Other families common to farms and gardens:
- The goosefoot family includes beets, chard and spinach.
- The mustard family has many members—cabbage, collards, Brussels sprouts, kale, cauliflower, broccoli, kohlrabi, turnip, horseradish and radish.
- The parsley family includes carrot, parsley, celery and parsnip.
- The nightshade family encompasses potato, tomato, eggplant and pepper.
- The gourd family claims the vine crops—summer squash, winter squash, pumpkin, watermelon, cantaloupe and cucumber.
- The composite family includes lettuce, artichoke and Jerusalem artichoke.
- The lily family includes onion, garlic, leek and chives.
- Sweet corn is a member of the grass family.
- Last, but not least, is okra, which is claimed by the mallow family.
“A rotation is easy to plan and use,” Kumar said. First, draw a large circle on paper. Divide the circle into sections as you would cut a pie. The number of sections you have should be equal to the number of vegetable families that you intend to plant.
A simple example would be a garden with four vegetable families: 1) sweet corn (grass family), followed by 2) black-eyed peas and snap beans (pea family), followed by 3) cabbage, broccoli and radishes (mustard family), followed by 4) tomato, pepper and potato (nightshade family).
"To determine what family will occupy the four plots next year, simply rotate the plan clockwise one section,” he said. “Next year the black-eyed peas will be planted where the corn grew this year, and so on. Other more complicated examples can be worked out using the same procedure.”

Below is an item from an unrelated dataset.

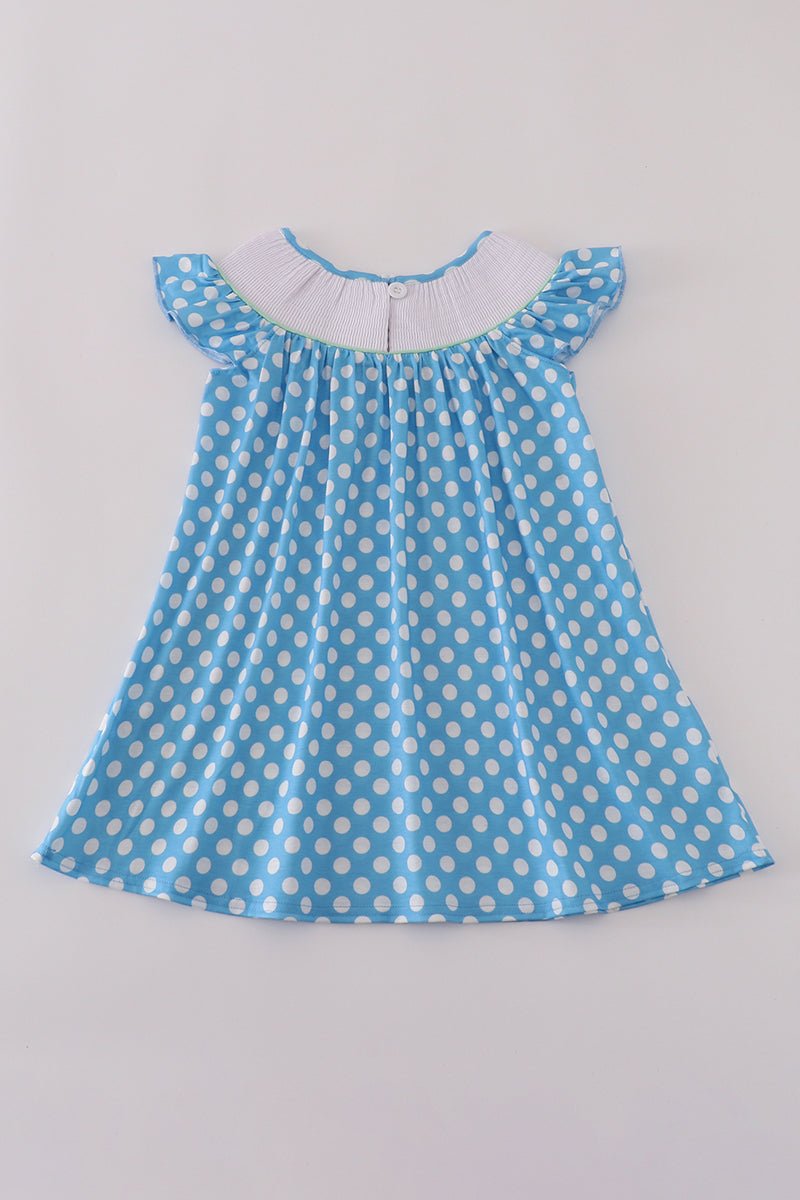 Blue dot character embroidery smocked dress - Image 4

To make the most of crop rotation, farmers or growers need detailed records of where crops were grown in the past as well as a written plan for how crops will be arranged in the future. Start by making a map of your farm or garden. Label the fields, subfields or plots with names and acreage. Keep a record of crop performance, including any serious pest or soil problems in a field.